- WHAT THE TASK ASKS:
Below are entries. Reproduce exactly the lines between the line holding "A beautiful girl" and the line holding "Boucles d'oreilles acier", inclusive, and only those.

- INFORMATION SHOWN:
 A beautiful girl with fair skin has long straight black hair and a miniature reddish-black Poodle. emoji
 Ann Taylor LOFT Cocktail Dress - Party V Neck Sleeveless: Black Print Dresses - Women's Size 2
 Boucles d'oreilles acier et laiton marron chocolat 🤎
...
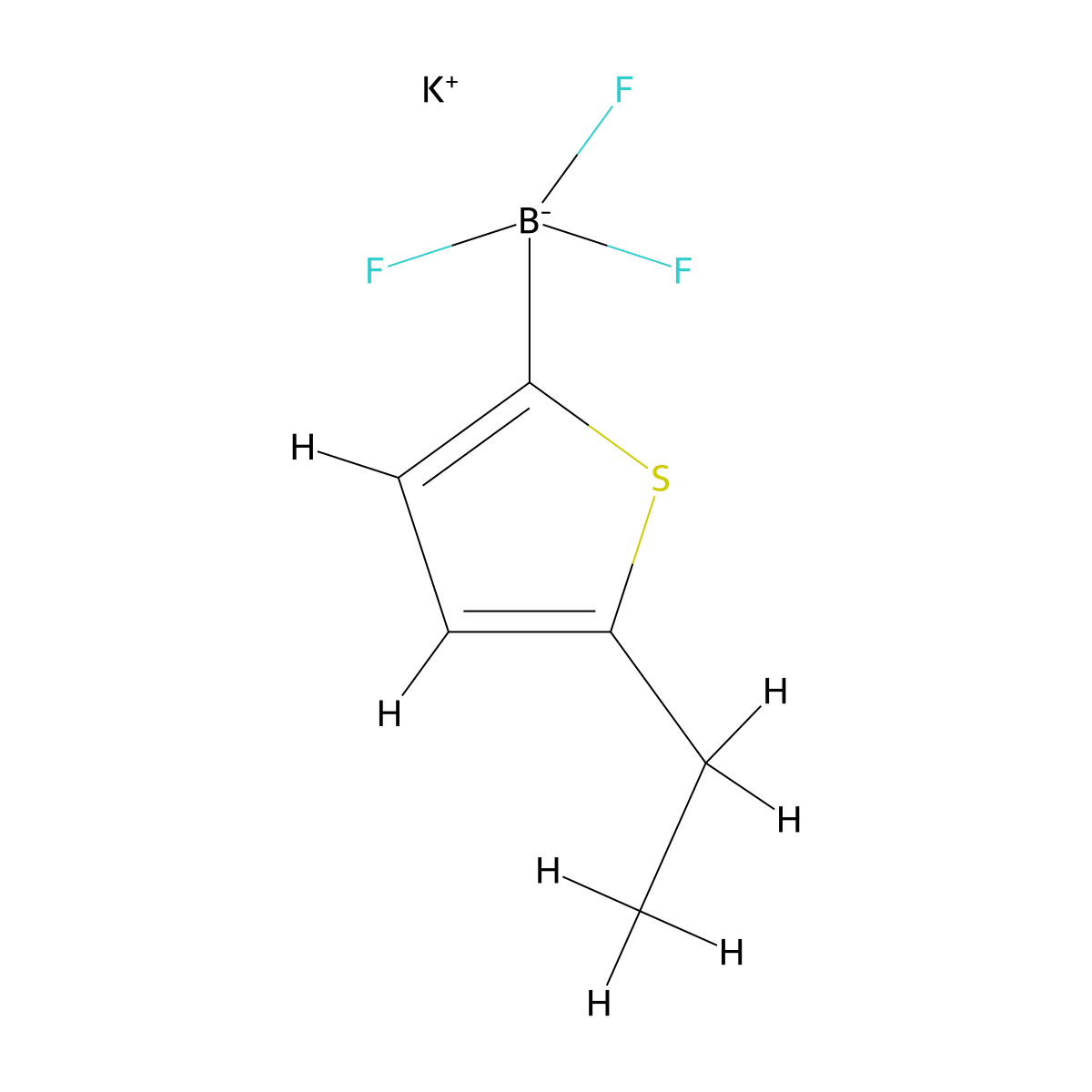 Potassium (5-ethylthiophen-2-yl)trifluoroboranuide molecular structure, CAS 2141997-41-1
==
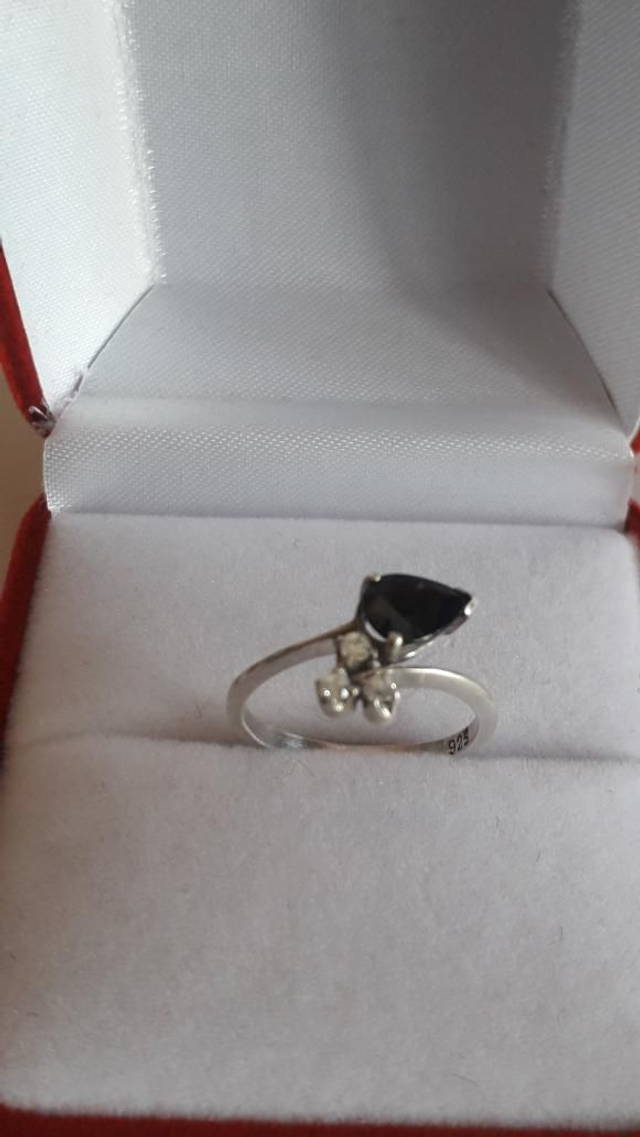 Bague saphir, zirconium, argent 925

- OUTPUT FOR THIS TASK:
 A beautiful girl with fair skin has long straight black hair and a miniature reddish-black Poodle. emoji
 Ann Taylor LOFT Cocktail Dress - Party V Neck Sleeveless: Black Print Dresses - Women's Size 2
 Boucles d'oreilles acier et laiton marron chocolat 🤎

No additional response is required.